David Brody of CBNNews has a post up describing on possible point of contention between religious conservatives and President-elect Barack Obama's pick for the Department of Education, Arne Duncan: his support for Pride Campus, a proposal for a Chicago public school that would be "deliberately welcoming of lesbian, gay, bisexual and transgender (LGBT) teens." Pride Campus, which was a concept designed by the faculty of Chicago's Social Justice High School, was intended to address the shortfall in performance among LGBT teens by offering an environment that would not be...you know, hostile to their existence.
A 2005 [Chicago Public Schools] survey found that lesbian, gay and bisexual students were twice as likely as straight students to be threatened at school, two to four times more likely to report being treated for an injury resulting from a fight and two to four times more likely to be the victim of sexual assault. The survey also found that lesbian, gay and bisexual teens were three to four times more likely than straight students to report attempting suicide. The survey did not collect data on transgender youth.

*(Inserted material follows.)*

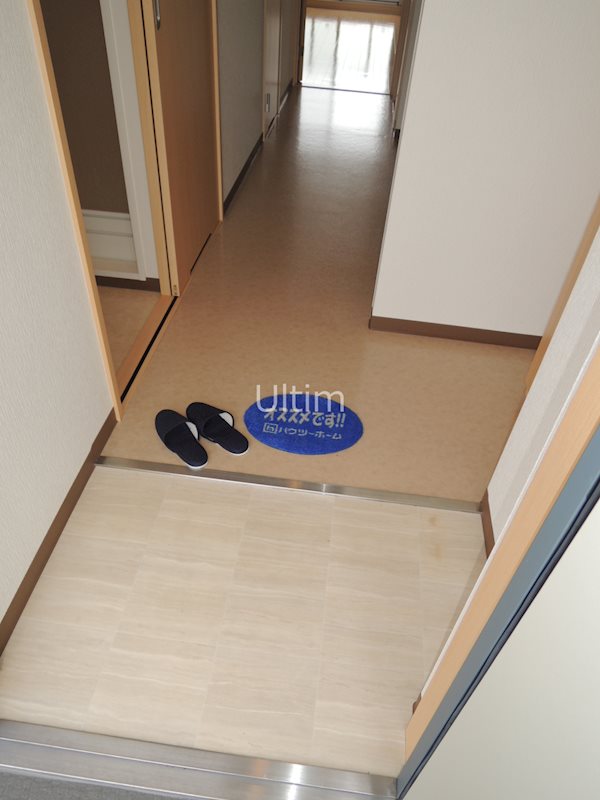 玄関　全て違うお部屋（同じ間取り）の写真です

The overarching concept of the initiative is something that Brody either doesn't care about or doesn't believe, because he's happy to gloss over it:
Look, I know how this will be spun. Some will say this isn't really a "gay high school". It's really more a safe place and an educational environment that will cater towards gay and lesbians. But folks, let's be real here. It's a high school for gay students. Plain and simple.

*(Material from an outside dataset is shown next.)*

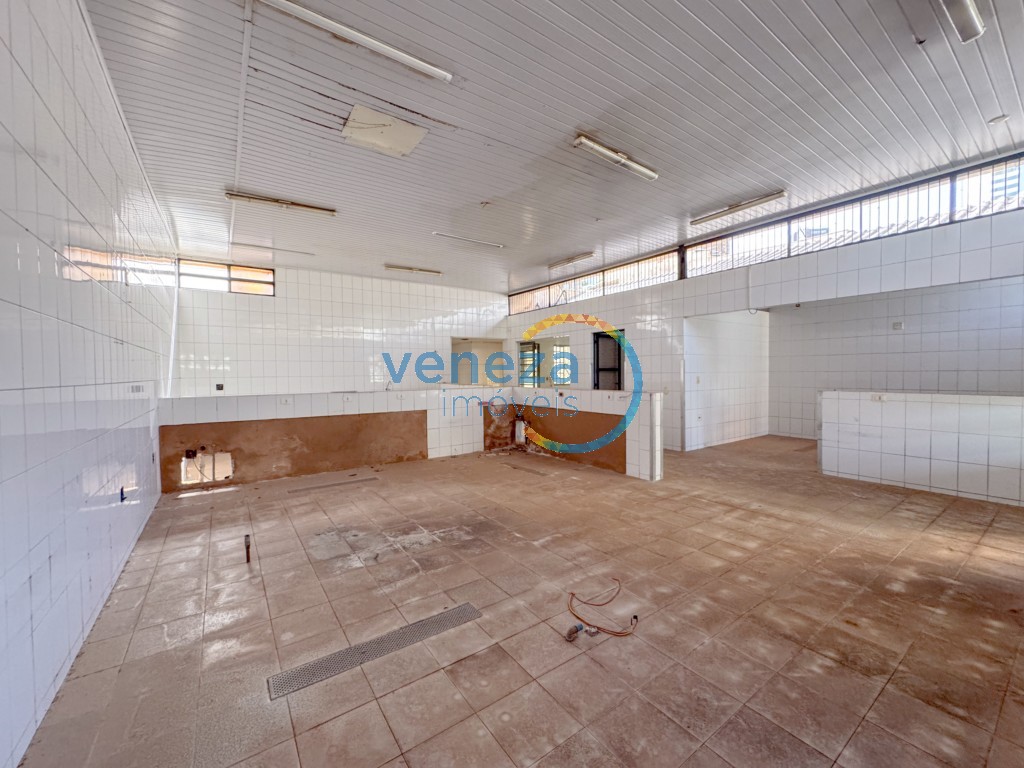 Salão-loja para locação no bairro Centro de Londrina - Foto 24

More to the point, Brody believes that the matter could prove to be something that "Republican Senators" might "raise a fuss about this during his confirmation hearing."
While the idea of a gay high school may be troubling for some, the problem for Obama is that a pick like this doesn't portray him in such a centrist way. It gives the impression that he's nominating wild liberals to his Cabinet. Arne Duncan may have the total package and be a great Education secretary but with pushing ideas like a gay high school will make social conservatives wonder what he will be pushing next.
Of course, Brody makes it seem as if the "gay high school" is an idea that Duncan is actively backing and might push for in the future. He very carefully avoids mention of the fact that the idea was watered-down considerably after a meeting between Duncan and evangelical ministers.